Clap-weed

Scientific classification
- Kingdom: Plantae
- Clade: Tracheophytes
- Clade: Gymnospermae
- Division: Gnetophyta
- Class: Gnetopsida
- Order: Ephedrales
- Family: Ephedraceae
- Genus: Ephedra
- Species: E. pedunculata
- Binomial name: Ephedra pedunculata Engelm. ex S. Watson

= Ephedra pedunculata =

- Genus: Ephedra
- Species: pedunculata
- Authority: Engelm. ex S. Watson

Species of seed-bearing shrub

Ephedra pedunculata, common name vine Mormon tea or Comida de Vívora, is a plant species native to southern Texas and to Mexico as far south as Zacatecas. It grows in sandy or rocky slopes and outcrops.

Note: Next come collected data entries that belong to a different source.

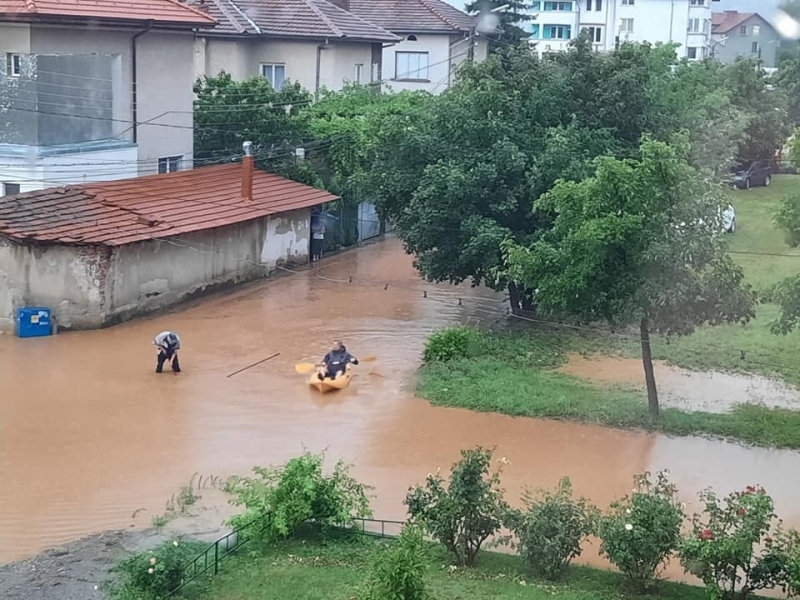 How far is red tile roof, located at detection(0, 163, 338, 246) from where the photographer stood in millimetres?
22188

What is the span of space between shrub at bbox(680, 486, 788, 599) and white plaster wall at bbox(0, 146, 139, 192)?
59.8 ft

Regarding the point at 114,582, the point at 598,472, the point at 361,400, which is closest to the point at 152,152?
the point at 361,400

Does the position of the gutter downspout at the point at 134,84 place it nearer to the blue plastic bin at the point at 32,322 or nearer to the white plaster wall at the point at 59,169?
the white plaster wall at the point at 59,169

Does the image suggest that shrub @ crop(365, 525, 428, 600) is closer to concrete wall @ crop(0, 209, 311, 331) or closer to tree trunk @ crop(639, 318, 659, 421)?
tree trunk @ crop(639, 318, 659, 421)

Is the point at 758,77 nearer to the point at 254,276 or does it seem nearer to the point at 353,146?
the point at 353,146

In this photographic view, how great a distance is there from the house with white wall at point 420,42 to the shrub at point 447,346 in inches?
1021

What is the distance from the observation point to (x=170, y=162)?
3002cm

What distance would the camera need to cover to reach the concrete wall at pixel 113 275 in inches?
874

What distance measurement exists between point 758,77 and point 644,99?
15.0 m

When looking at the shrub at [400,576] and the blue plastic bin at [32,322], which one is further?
the blue plastic bin at [32,322]

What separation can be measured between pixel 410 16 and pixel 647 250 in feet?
104

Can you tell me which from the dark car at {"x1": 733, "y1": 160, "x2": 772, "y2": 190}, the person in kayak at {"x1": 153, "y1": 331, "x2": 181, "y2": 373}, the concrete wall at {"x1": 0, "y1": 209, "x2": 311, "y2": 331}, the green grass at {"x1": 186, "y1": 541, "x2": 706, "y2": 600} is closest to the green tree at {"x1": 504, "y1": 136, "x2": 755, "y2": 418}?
the green grass at {"x1": 186, "y1": 541, "x2": 706, "y2": 600}

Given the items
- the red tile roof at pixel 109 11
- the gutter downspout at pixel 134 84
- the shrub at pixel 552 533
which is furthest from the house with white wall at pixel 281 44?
the shrub at pixel 552 533

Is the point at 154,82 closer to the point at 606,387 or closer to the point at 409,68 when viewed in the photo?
the point at 606,387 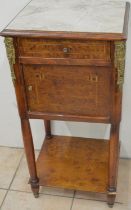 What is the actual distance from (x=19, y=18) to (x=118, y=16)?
36 centimetres

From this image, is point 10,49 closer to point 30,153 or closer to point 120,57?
point 120,57

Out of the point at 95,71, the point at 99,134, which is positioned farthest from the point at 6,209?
the point at 95,71

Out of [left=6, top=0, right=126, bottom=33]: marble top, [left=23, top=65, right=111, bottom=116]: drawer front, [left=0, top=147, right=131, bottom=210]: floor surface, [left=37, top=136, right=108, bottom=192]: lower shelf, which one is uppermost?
[left=6, top=0, right=126, bottom=33]: marble top

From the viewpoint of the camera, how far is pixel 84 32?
108 cm

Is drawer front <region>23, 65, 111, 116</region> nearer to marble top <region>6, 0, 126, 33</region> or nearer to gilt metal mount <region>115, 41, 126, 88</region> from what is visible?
gilt metal mount <region>115, 41, 126, 88</region>

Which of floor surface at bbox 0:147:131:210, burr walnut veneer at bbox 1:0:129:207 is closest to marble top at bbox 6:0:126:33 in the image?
burr walnut veneer at bbox 1:0:129:207

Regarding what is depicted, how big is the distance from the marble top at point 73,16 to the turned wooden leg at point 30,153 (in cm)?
40

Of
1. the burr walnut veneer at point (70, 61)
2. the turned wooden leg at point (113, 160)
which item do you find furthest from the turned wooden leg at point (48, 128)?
the turned wooden leg at point (113, 160)

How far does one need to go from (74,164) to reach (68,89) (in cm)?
58

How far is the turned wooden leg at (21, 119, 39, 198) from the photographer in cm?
138

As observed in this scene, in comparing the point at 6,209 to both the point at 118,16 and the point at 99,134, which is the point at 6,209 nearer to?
the point at 99,134

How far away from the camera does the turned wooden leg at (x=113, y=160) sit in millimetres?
1303

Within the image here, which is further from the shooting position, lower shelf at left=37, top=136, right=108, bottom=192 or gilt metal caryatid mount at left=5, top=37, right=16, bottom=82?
lower shelf at left=37, top=136, right=108, bottom=192

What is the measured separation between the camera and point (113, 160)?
4.56 feet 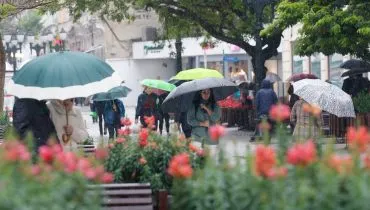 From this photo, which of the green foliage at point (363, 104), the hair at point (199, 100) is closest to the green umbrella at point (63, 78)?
the hair at point (199, 100)

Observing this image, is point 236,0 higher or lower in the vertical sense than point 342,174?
higher

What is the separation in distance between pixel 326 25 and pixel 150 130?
34.6ft

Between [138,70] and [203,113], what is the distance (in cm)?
4301

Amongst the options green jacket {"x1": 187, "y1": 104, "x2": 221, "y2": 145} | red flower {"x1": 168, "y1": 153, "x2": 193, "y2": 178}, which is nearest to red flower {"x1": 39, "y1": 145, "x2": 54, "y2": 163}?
red flower {"x1": 168, "y1": 153, "x2": 193, "y2": 178}

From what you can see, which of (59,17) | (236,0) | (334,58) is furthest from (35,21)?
(236,0)

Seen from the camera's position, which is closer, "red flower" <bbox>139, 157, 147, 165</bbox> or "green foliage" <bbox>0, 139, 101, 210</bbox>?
"green foliage" <bbox>0, 139, 101, 210</bbox>

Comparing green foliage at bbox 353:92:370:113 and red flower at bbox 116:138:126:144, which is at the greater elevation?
green foliage at bbox 353:92:370:113

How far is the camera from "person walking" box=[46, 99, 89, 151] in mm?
10023

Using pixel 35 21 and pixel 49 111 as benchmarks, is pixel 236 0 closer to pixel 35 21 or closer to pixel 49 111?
pixel 49 111

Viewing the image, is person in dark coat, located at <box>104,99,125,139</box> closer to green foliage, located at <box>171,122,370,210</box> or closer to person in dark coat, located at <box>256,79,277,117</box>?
person in dark coat, located at <box>256,79,277,117</box>

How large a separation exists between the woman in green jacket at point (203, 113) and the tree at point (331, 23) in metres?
5.00

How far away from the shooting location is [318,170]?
4750 mm

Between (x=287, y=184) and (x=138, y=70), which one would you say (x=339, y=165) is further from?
(x=138, y=70)

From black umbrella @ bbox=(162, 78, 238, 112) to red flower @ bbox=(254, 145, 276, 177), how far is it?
8.50 meters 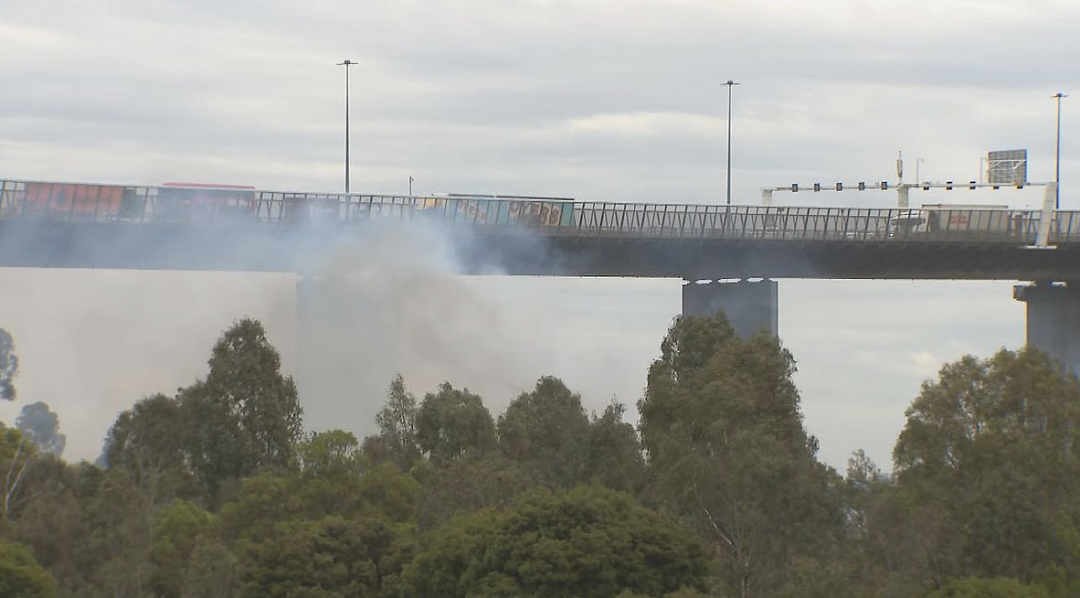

Most species of Ephedra (called "Mormon tea") are shrubs, but Ephedra pedunculata is a trailing or clambering woody vine up to 7 m long. Bark is gray, becoming cracked with age. Leaves are opposite, up to 3 mm long. Microsporangial (pollen-producing cones) are 1–2 mm long, compared to less than 1 mm in many other species. Seed cones are 6–10 mm long, each containing 2 ellipsoid seeds 4–10 mm long.

This plant is also rich in flavonoids, which is used in a variety of nutraceutical, pharmaceutical and cosmetic applications.